Top of Exercise input

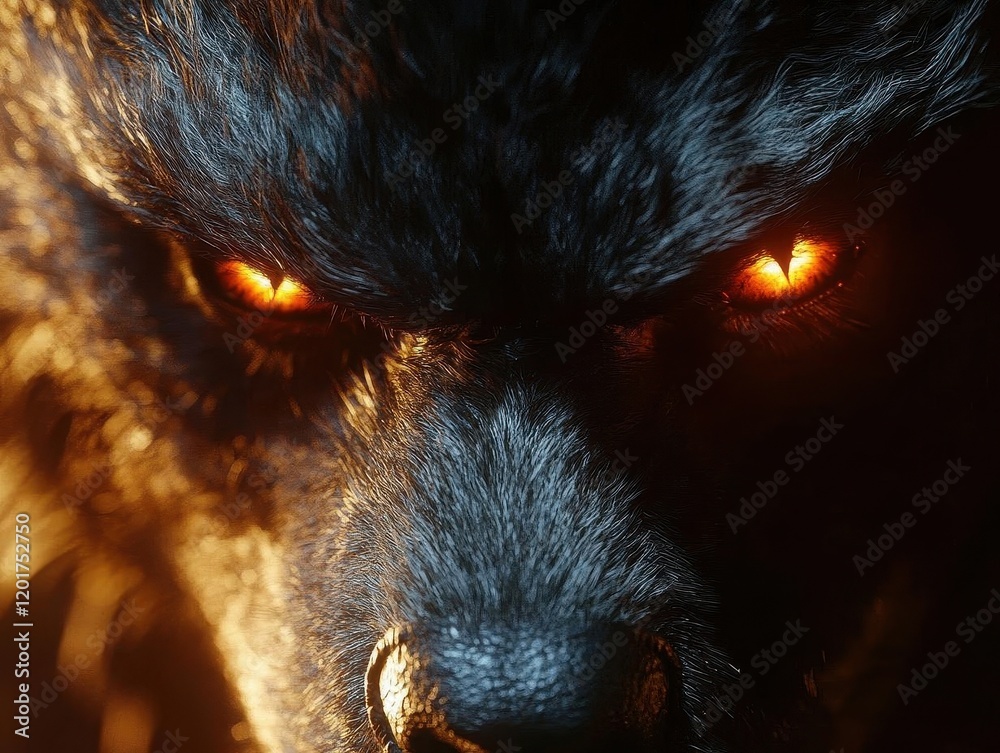 menacing close-up of a snarling werewolf face, glowing amber eyes, detailed fur texture, moonlit shadows, hyperrealistic rendering menacing close-up of a snarling werewolf face, glowing amber eyes, detailed fur texture, moonlit shadows, hyperrealistic rendering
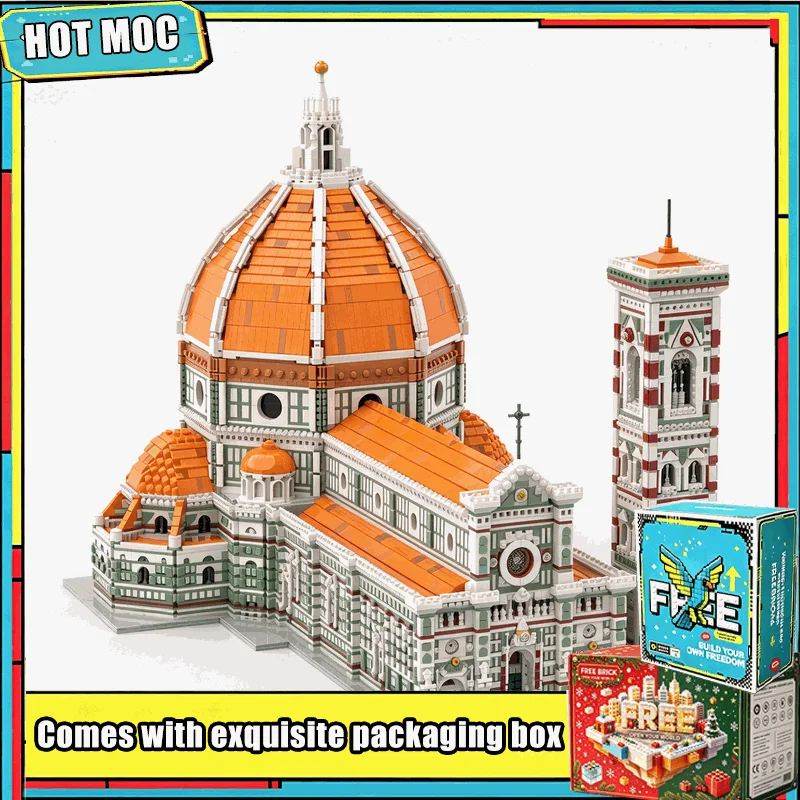 17854 PCS Italian Renaissance Cathedral Dome Bell Tower Architecture Model Custom Puzzle DIY Assembly Building Blocks Gifts Set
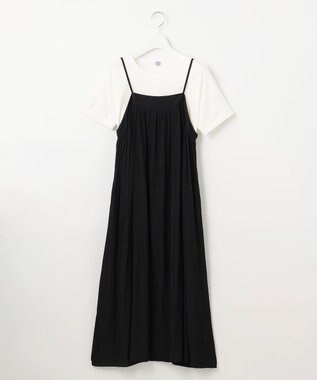 J.PRESS LADIES 【WEB限定・洗える】キャミワンピース カットソー ツインセット ブラック系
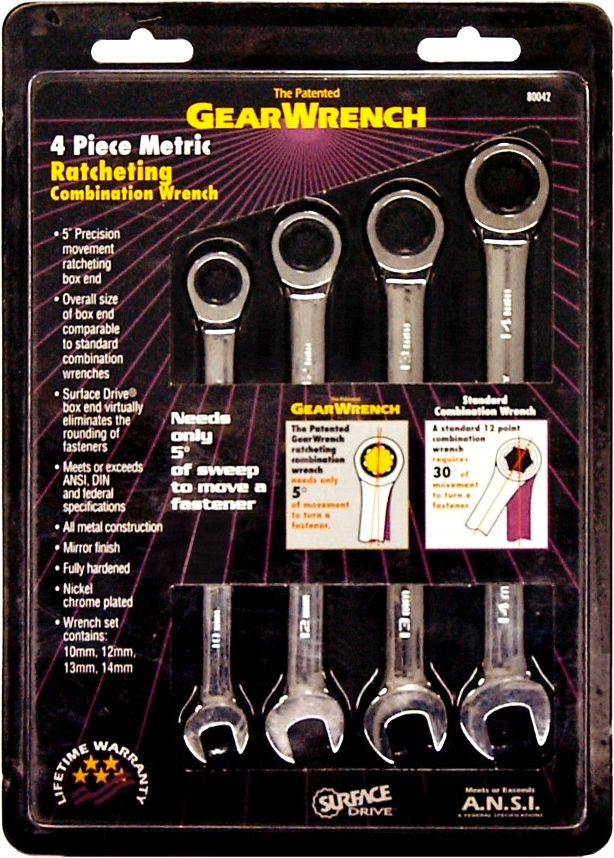 4Pc. Metric Gear Ratchet Wrench Set 10mm, 12mm, 13mm, 14mm T&E Tools 13104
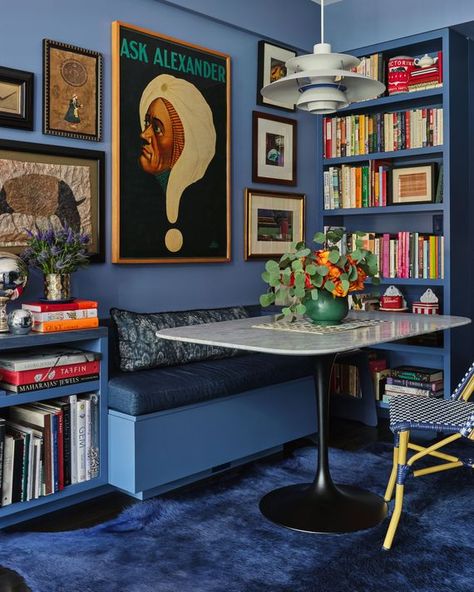 Bright Blue Interior Design, Cornflower Blue Walls, Bright Blue Office, Bright Blue Living Room, All Blue Room, Bright Blue Room, Maximalist Dining Rooms, Bright Blue Walls, Colorful Home Office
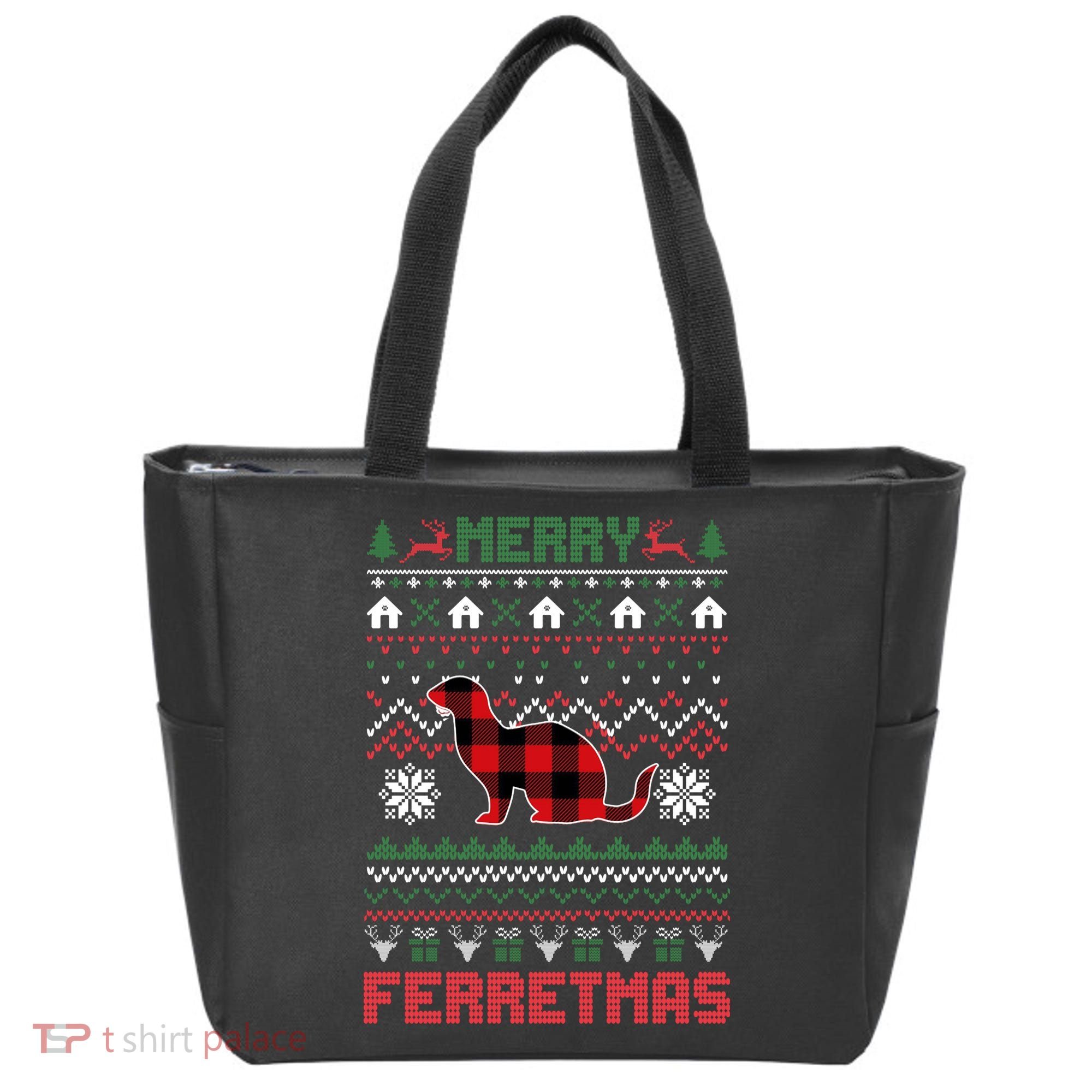 Funny Merry Ferretmas Ugly Christmas Sweater Ferret Santa Tote Bag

Bottom of Exercise input

**Try it**
Omit all pictures and repeat the rest of the records verbatim.

**Result**
 menacing close-up of a snarling werewolf face, glowing amber eyes, detailed fur texture, moonlit shadows, hyperrealistic rendering menacing close-up of a snarling werewolf face, glowing amber eyes, detailed fur texture, moonlit shadows, hyperrealistic rendering
 17854 PCS Italian Renaissance Cathedral Dome Bell Tower Architecture Model Custom Puzzle DIY Assembly Building Blocks Gifts Set
 J.PRESS LADIES 【WEB限定・洗える】キャミワンピース カットソー ツインセット ブラック系
 4Pc. Metric Gear Ratchet Wrench Set 10mm, 12mm, 13mm, 14mm T&E Tools 13104
 Bright Blue Interior Design, Cornflower Blue Walls, Bright Blue Office, Bright Blue Living Room, All Blue Room, Bright Blue Room, Maximalist Dining Rooms, Bright Blue Walls, Colorful Home Office
 Funny Merry Ferretmas Ugly Christmas Sweater Ferret Santa Tote Bag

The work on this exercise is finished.